Cannes Lions

British Red Cross "Here for Humanity"

VCCP, London / RED CROSS / 2024

Case Film

Overview

Entries

Credits

Overview

Background

The charity sector was financially in decline. Since 2015, the British Red Cross, the world’s largest humanitarian organisation, suffered a 40% decline in gross income. Because fundraising is what keeps charities afloat, we needed to unlock how brand marketing could directly drive donations.

Econometric modelling found a direct relationship between consideration and increased income. If we could prime our audiences by increasing consideration, we would increase income. Modelling showed we needed to drive up consideration by 0.5% YoY from a baseline of 26.1% to 26.6%, in order to avoid a decline. By developing a strategic and creative connection across both brand building and direct fundraising efforts, ultimately we hoped to also see improved donation results as well – a goal of +3.6m in Q4 2023. And we had to achieve this with a media budget of just £1m and a creative and production budget of just £317k.

Idea

Due to the extreme financial pressures on charities, we needed a new, cost effective creative approach – all within a creative and production budget of just £317k.

So, we adopted the beauty of tight constraints by using pre-existing news footage & photography…

The creative platform, ‘Here for Humanity’, shines a light on all the incredible work the charity does by leveraging what we know and what we have.

Here: We used the recognisable Red Cross emblem, which appears on all Responders’ uniforms, as a visual thread to highlight they are literally ‘HERE’ in each emergency.

For Humanity: At the centre of every photo was a responder wearing the iconic red cross – designed to protect our volunteers in warzones. ‘X’ literally marks the spot where the Red Cross is responding to an emergency. A visual manifestation of how they are ‘Here for Humanity’ no matter where or what the crisis.

Strategy

We developed a series of crisis workshops to fastrack how we could transform the British Red Cross’s fortunes, so they could support those in need. The goal was to develop a new USP. This would become something the business could rally behind and importantly, become the springboard for creative work.

We discovered that 63% of their core audience thought: “I worry my donations won’t reach those that need it in international countries”. We needed to show evidence of how and where the Red Cross was making a difference. We noticed that consideration peaked during high-profile disasters and emergencies, like the invasion of Ukraine, due to the visibility of volunteers on the news. If we could leverage this direct association with emergencies, we could drive interest and build belief in the cause.

This led to our USP: Together, We Are the World’s Emergency Responders.

Outcome

We moved from being a well known brand that people didn’t really know, to being one they now understood and would choose more often.

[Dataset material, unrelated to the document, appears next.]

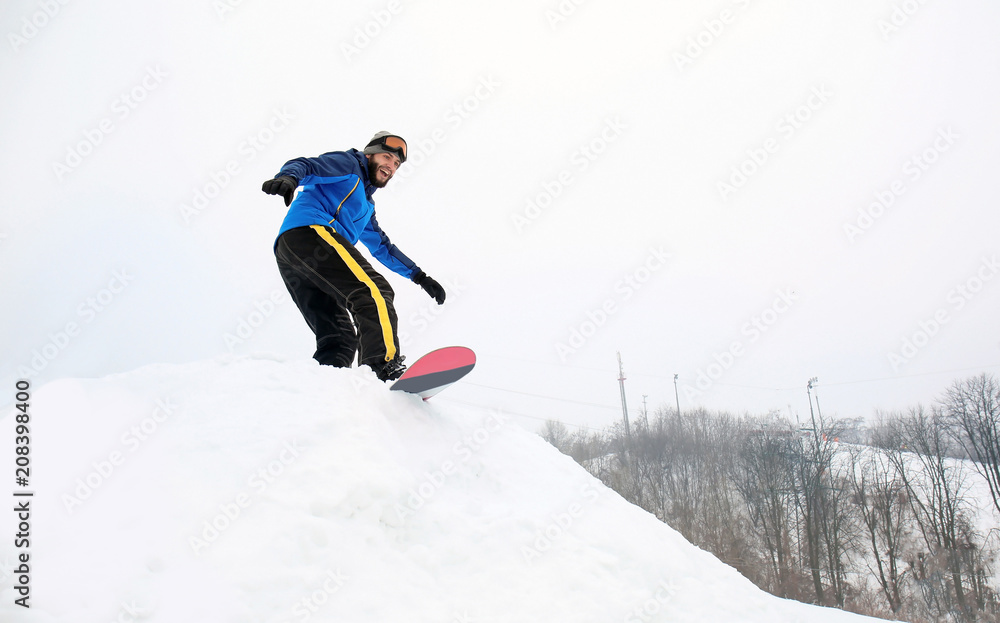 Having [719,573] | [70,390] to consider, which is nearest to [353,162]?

People saying they would consider supporting the British Red Cross post campaign increased by +4% on just £1m paid media – the biggest jump of any charity at the time. By comparison, the top four charities spent between £2.5 to £9m on ATL paid media and saw smaller shifts in the region of 1 to 2%.

We more than doubled consideration to donate doubled vs. our target.

0.5% Target vs. +1.1% increase. (YouGov)

We saw all key consideration drivers improve.

Trust (+3%) & ad awareness (+4%).

We successfully primed for fundraising efforts.

Which saw a record £4.2m versus the targeted £3.6m.

This campaign proves that you can make your mark even when budgets are tight.